═════ Entries provided
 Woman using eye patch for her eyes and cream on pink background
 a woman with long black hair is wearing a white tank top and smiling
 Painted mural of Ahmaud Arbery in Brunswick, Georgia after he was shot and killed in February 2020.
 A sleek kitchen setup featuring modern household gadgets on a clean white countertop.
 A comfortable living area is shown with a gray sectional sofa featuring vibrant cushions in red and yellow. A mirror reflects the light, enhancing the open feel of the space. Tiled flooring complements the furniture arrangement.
══════════
═════ Entries provided
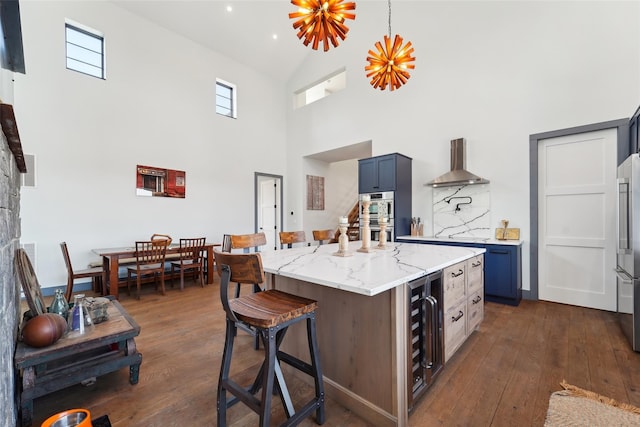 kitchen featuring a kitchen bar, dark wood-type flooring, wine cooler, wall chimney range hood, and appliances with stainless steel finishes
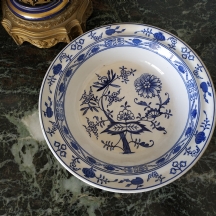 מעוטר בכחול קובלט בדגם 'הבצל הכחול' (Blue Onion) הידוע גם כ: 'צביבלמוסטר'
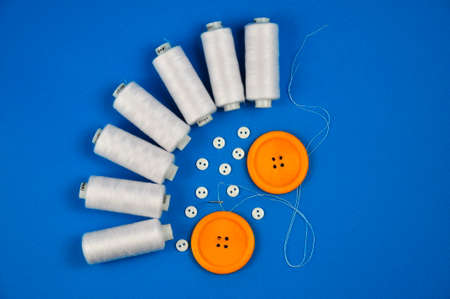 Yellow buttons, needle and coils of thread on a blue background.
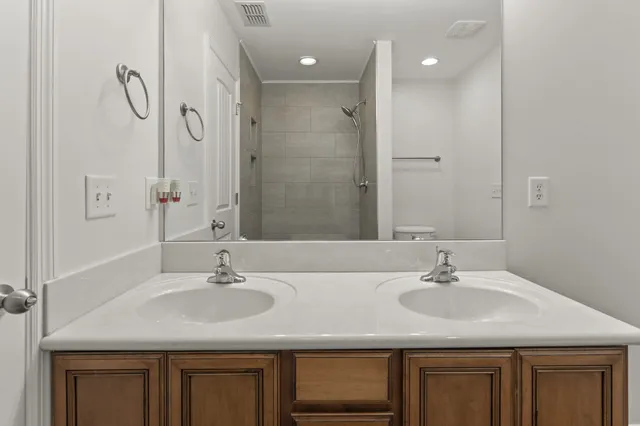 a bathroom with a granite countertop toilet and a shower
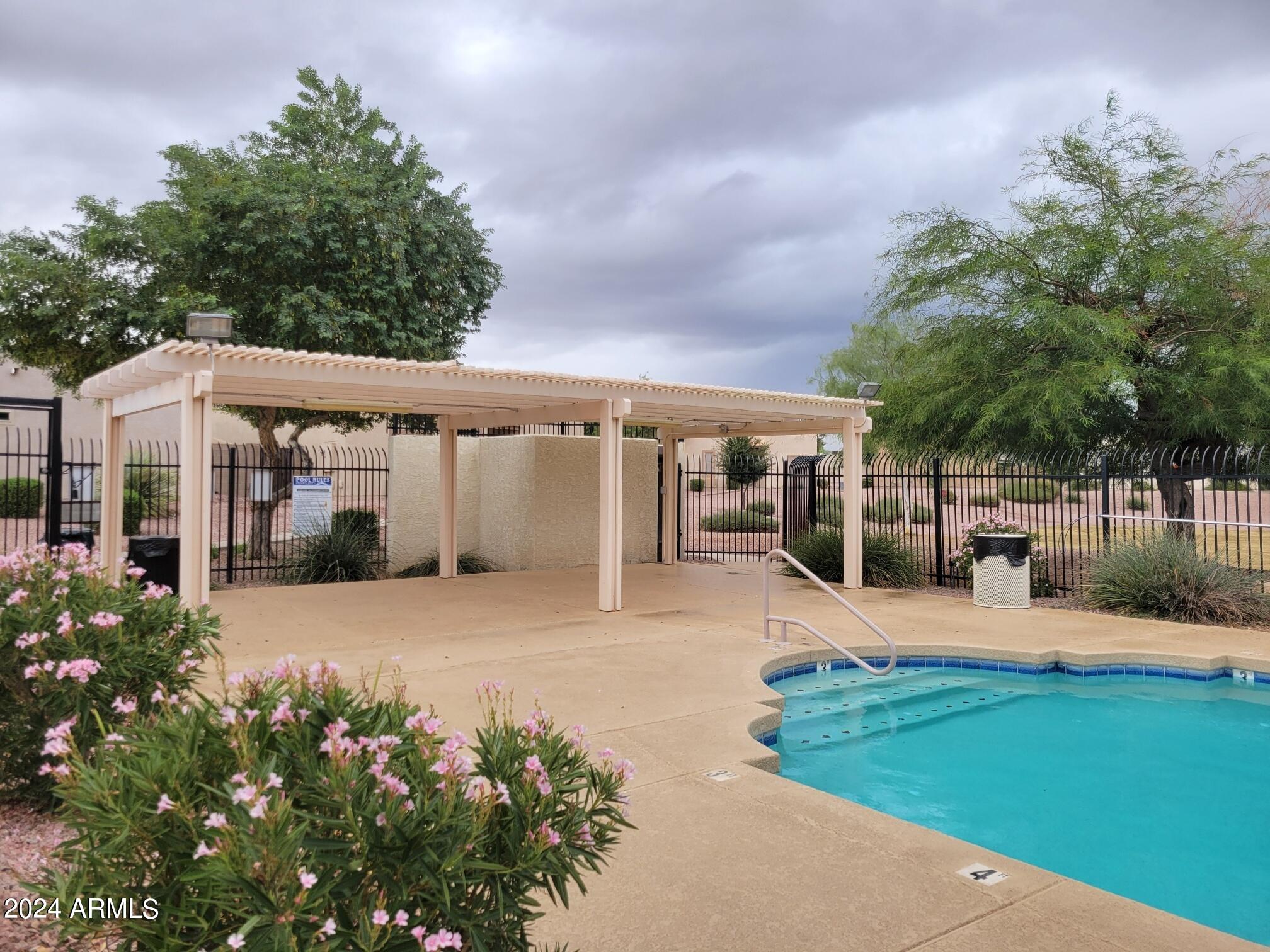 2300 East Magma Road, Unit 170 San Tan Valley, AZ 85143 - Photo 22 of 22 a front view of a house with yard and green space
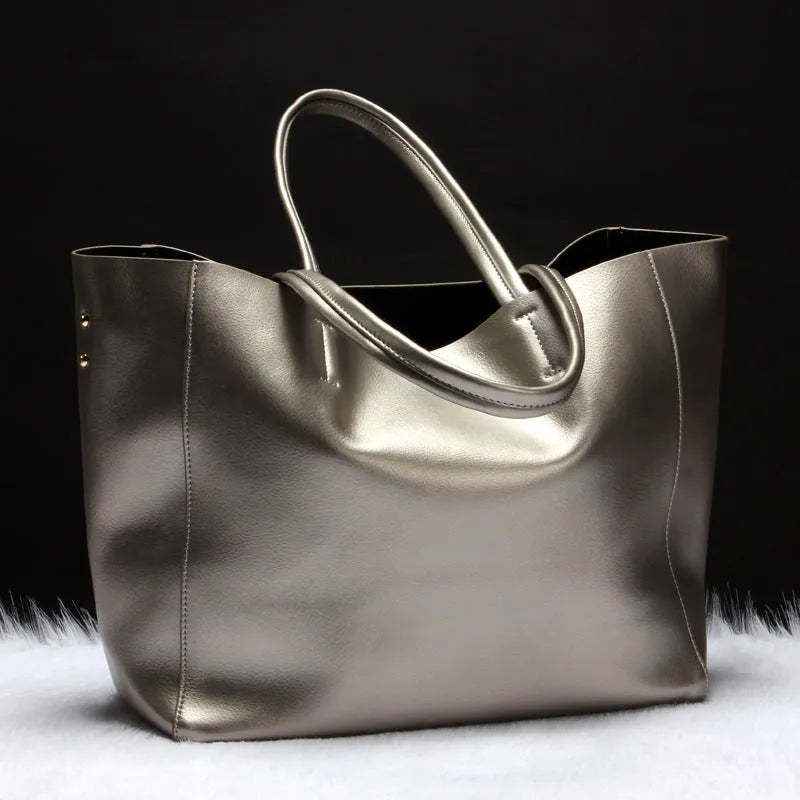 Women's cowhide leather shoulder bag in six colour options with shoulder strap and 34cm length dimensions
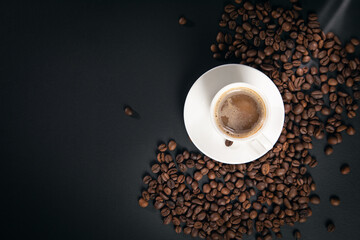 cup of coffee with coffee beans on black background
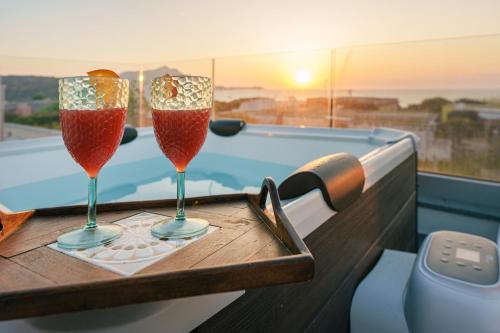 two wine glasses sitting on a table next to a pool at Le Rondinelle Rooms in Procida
══════════
═════ Entries provided
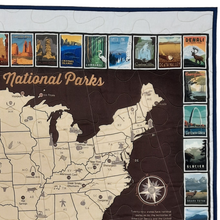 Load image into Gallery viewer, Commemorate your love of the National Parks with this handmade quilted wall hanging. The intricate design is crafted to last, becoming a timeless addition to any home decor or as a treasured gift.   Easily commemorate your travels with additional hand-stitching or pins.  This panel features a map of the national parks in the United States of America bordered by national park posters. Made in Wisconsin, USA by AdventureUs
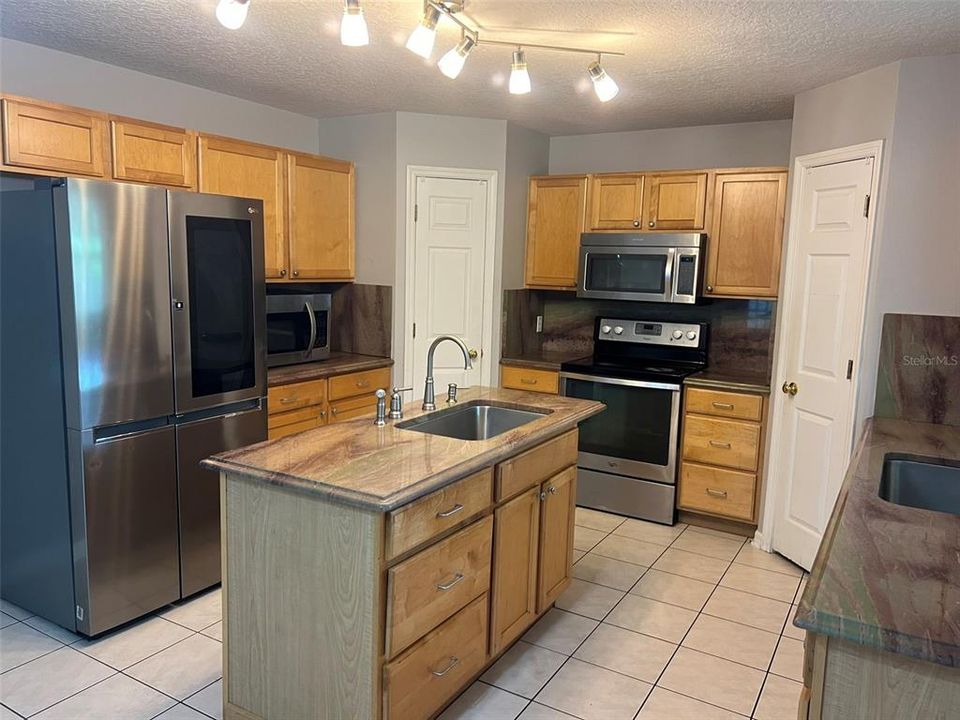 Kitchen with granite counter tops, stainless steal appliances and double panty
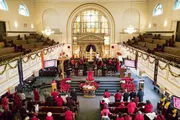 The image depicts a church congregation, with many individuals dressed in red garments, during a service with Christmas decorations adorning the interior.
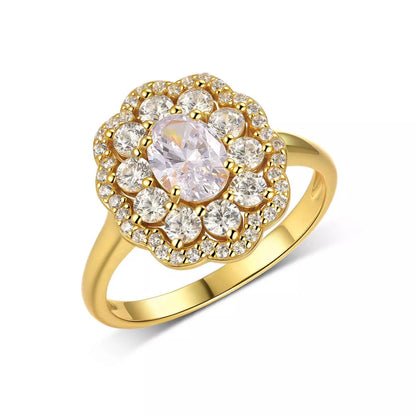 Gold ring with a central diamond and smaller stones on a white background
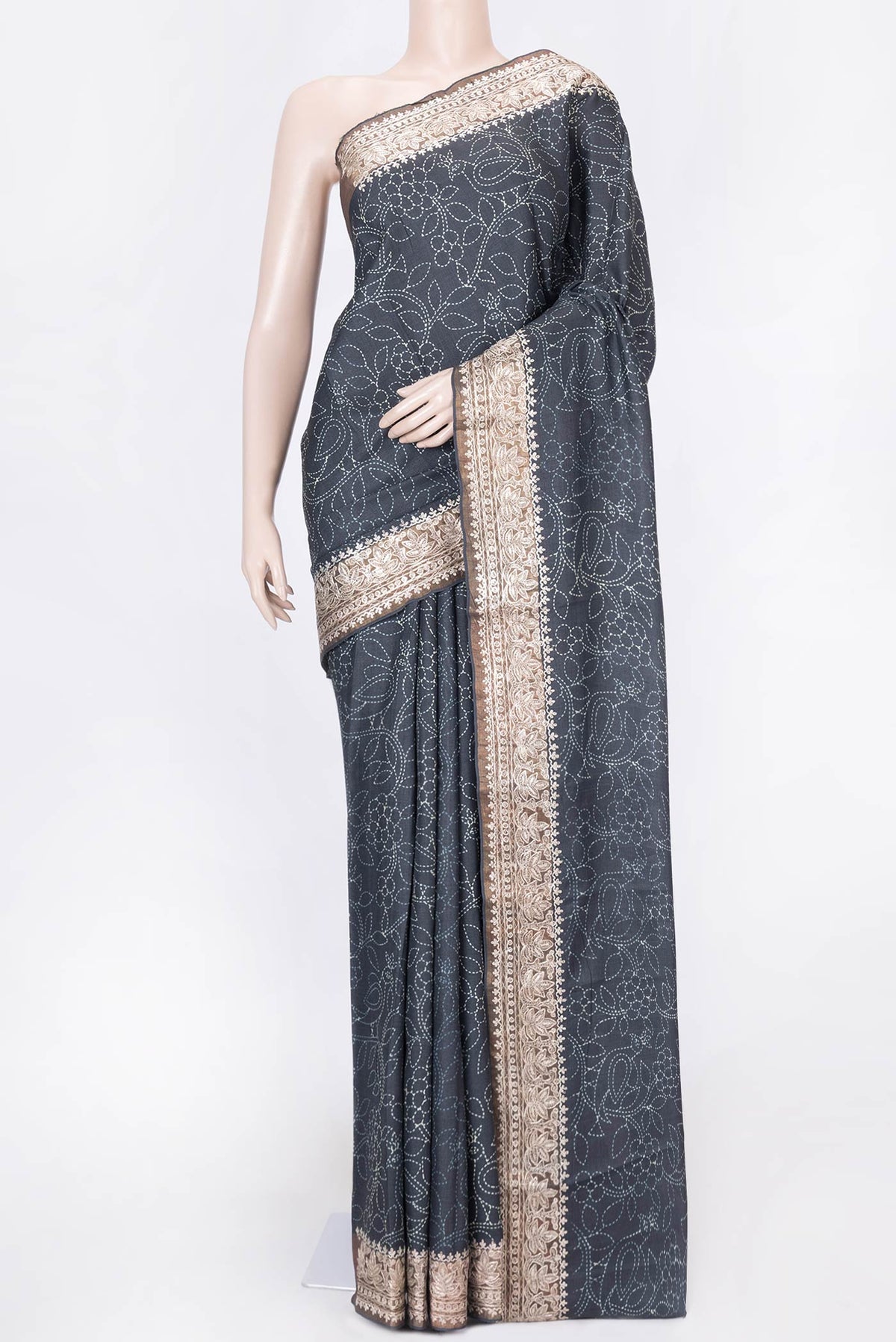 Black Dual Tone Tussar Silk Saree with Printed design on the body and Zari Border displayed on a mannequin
══════════
Task goal | Only those lines of the entries above that run from the line containing "Woman using eye" to the line containing "A sleek kitchen", both included, should be transcribed exactly.

Answer area |
 Woman using eye patch for her eyes and cream on pink background
 a woman with long black hair is wearing a white tank top and smiling
 Painted mural of Ahmaud Arbery in Brunswick, Georgia after he was shot and killed in February 2020.
 A sleek kitchen setup featuring modern household gadgets on a clean white countertop.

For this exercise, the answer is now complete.